The plan also calls for the end of Special Interest Tax Breaks for Wind and Coal Energy Sector. On Monday, Gov. Fallin signed a law that would sunset tax incentives for the zero-emission wind energy industry.

The plan proposes eliminating the tax credit for coal, which SOS says would generate $3.8 million in each of the next three fiscal years.

The budget blueprint also establishes a new income tax bracket at a rate of 6 percent for all taxable income above $200,000 for individuals or $400,000 for those filing jointly.

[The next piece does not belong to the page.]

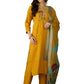The52 Mustard Women's Beautiful Rayon Fabric Embroidered Work Straight Kurta, Pant and Dupatta Set - Swadesiicart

The 6 percent top rate being proposed is lower than a majority of states and is less than the rate historically levied in Oklahoma in past years. This proposal would generate $94.8 million in revenue for FY-2018 and the same amounts in FY-2019 and FY-2020, according to SOS.

The plan also recommends changes to the income tax structure, the re-establishment of the Earned Income Credit for Oklahoma’s poorest families, corporate income tax reform, sales and use tax reform, limited use of Sales Tax Exemptions allowed for manufacturing and motor vehicle tax reform.

The blueprint also proposes an increase in motor fuel and diesel taxes from the current .17 for gas and .14 for diesel to .23 cents to be earmarked for road construction.

“We came together to address Oklahoma’s most commonly acknowledged problems,” said Oklahoma Public Employees Association executive director, Sterling Zearley. “The goal was to put together a plan that was realistic, ended our reliance on one-time money, filled the current budget hole and began to restore spending levels to something resembling a functional state government. It’s widely accepted there’s a revenue problem, so here’s how we can fix it.”

The full budget blueprint can be found here.

SOS includes members of Stand for Children Oklahoma, Oklahoma Policy Institute, Together Oklahoma, Oklahoma Education Association, Tulsa Classroom Teachers Association, Jenks Parent Legislative Action Committee, Bixby Parent Legislative Action Committee, Let’s Fix This, National Association of Social Workers—Oklahoma Chapter, Oklahoma Public Employees Association, Mental Health Association Oklahoma, Oklahoma Women’s Coalition, Regional Food Bank of Oklahoma, Community Food Bank of Eastern Oklahoma, League of Women Voters, TARC, ACTION Tulsa, Community Service Council, Oklahoma Conference of Churches, VOICE OKC and Oklahoma Developmental Disabilities Council.